2. Казаркин А.П. Типы авторства в романе Михаила Булгакова Мастер и Маргарита // Творчество Булгакова. Томск, 1991. С. 11—27.
3. Н. Кожевникова (Типы повествования в русской литературе XIX—XX вв. М., 1994. С. 77), анализируя природу авторских отступлений в романе «Мастер и Маргарита», отмечала, что булгаковское субъективное повествование представляет собой «своего рода отголосок классической манеры повествования, шпату из нее и отсылку к ней». Г.М. Ребель считает, что на протяжении всего текста «Мастера» (по крайней мере, всех «современных» глав) присутствует рассказчик-литератор: в «Мастере и Маргарите» иллюзия сопричастности, достоверности даже не задумана, между изображением и читателем всегда демонстративно находится посредник, рассказчик-литератор, который разрушает иллюзию достоверности» (см.: Указ. соч.

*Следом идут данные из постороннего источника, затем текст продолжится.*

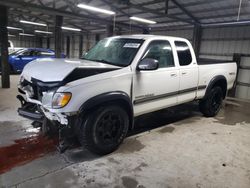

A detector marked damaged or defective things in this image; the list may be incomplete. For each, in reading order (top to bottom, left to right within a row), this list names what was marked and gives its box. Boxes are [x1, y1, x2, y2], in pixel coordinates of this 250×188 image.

crumpled hood [21, 57, 120, 82]
damaged front end [16, 78, 75, 153]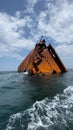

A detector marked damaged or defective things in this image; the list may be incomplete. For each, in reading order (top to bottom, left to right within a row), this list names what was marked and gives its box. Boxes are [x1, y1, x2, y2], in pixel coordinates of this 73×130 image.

orange rusted metal surface [17, 39, 66, 74]
rusty ship hull [17, 39, 66, 74]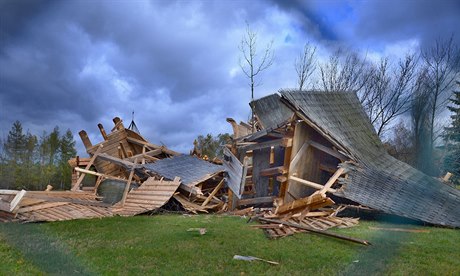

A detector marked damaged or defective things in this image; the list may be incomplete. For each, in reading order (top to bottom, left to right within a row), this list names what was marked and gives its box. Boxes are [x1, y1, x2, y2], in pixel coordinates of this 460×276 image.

broken roof panel [144, 155, 223, 188]
broken roof panel [278, 90, 460, 226]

С. 120). Но это не вполне верно: ведь в московских главах он опирается и на первичные вставные жанры, на внелитературное разноречие; он то «литератор», а то — устный рассказчик, «московский врун», а в сумме — все и никто. Набор масок. Поэтому и невозможно о московском рассказчике высказаться определенно, кто он такой. И только по отношению к романтической части, где повествователь достаточно един, можно безусловно согласиться с мнением исследовательницы. О романтических главах пишет Е.Ш. Галимова: «...лексика, синтаксис, интонации ориентируют читателя на классическую литературную традицию... хотелось бы подчеркнуть, что не только в активных формах выражения авторской субъективности, но и во всем повествовательном дискурсе глав о мастере и Маргарите (то есть о любви и о творчестве) сохраняется ярко выраженная ориентация на классическую манеру повествования. И речь автора-повествователя, и прямая речь героев этих глав — даже беседующего с Маргаритой Азазелло — отличается высокой архаичностью и «несовременностью», что является способом отрицания и языка эпохи, и пользующейся этим языком официальной литературы, и самой реальности тридцатых годов» (см.: Указ. соч. С. 196—197).
4. Кожевникова Н.А. Указ. соч. С. 246.
5. Булгаков говорил, что сочтет книгу законченной и умрет спокойным, если ему удастся «еще немного приподнять финал». См.: Чудакова М. Жизнеописание Михаила Булгакова. М., 1988. С. 409.